Extracted data Block Start
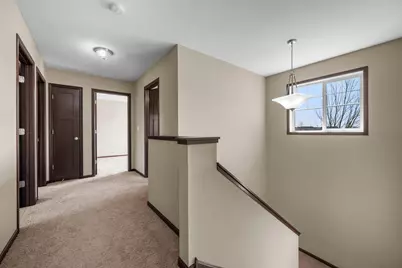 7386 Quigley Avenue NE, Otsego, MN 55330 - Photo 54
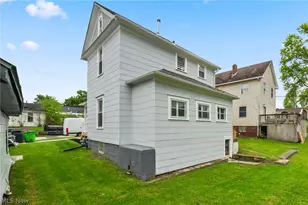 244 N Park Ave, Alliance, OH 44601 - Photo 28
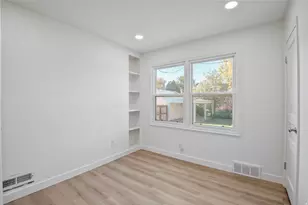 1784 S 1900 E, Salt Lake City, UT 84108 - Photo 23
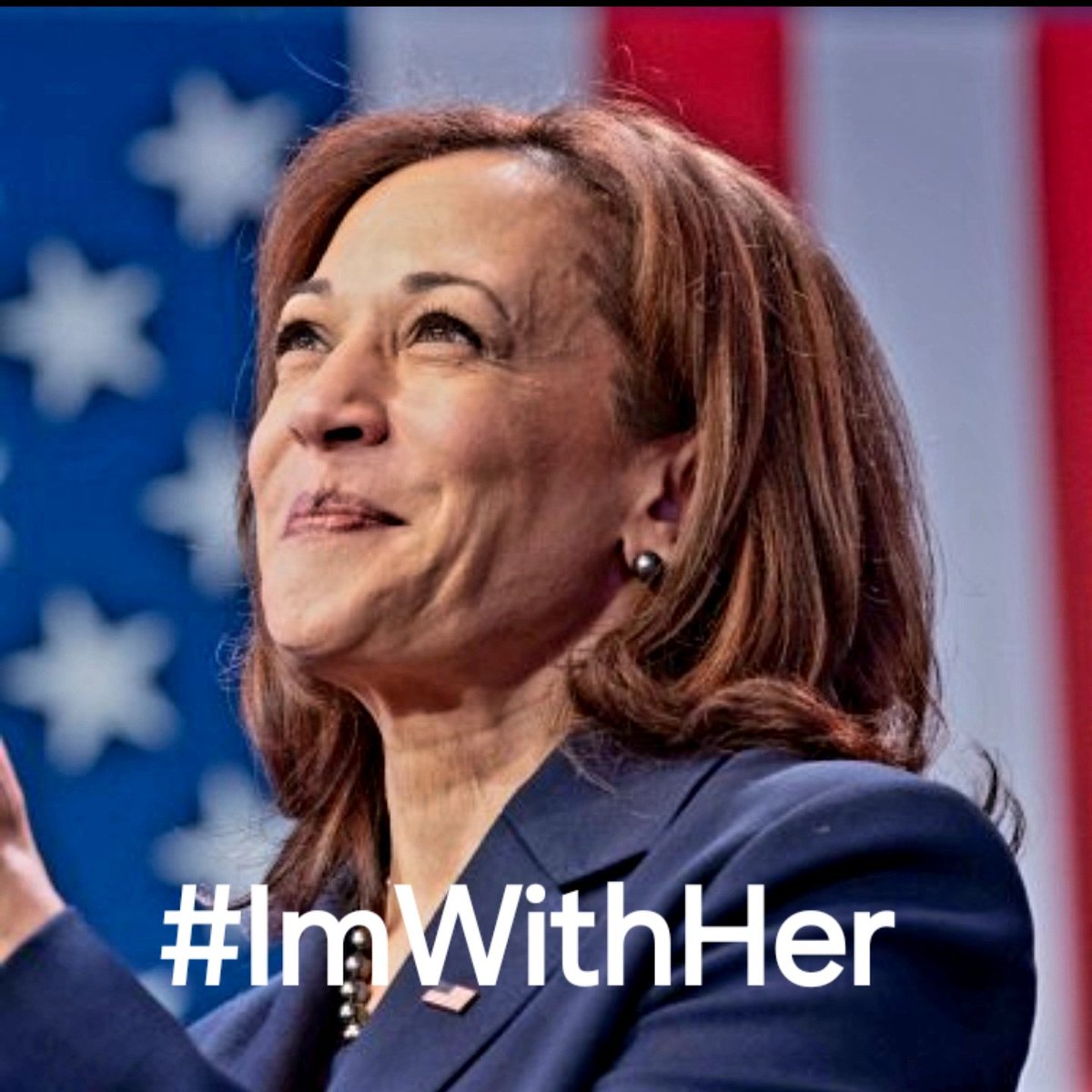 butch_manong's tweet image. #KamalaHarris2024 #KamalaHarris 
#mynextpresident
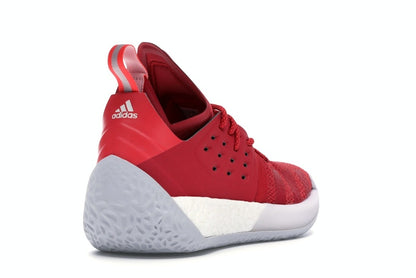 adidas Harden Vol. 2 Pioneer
Extracted data Block End
Problem statement | Nothing but the lines from the one containing "butch_manong's tweet image." through the last line of the records above should appear, each repeated exactly, with no pictures.

Response for this exercise |
 butch_manong's tweet image. #KamalaHarris2024 #KamalaHarris 
#mynextpresident
 adidas Harden Vol. 2 Pioneer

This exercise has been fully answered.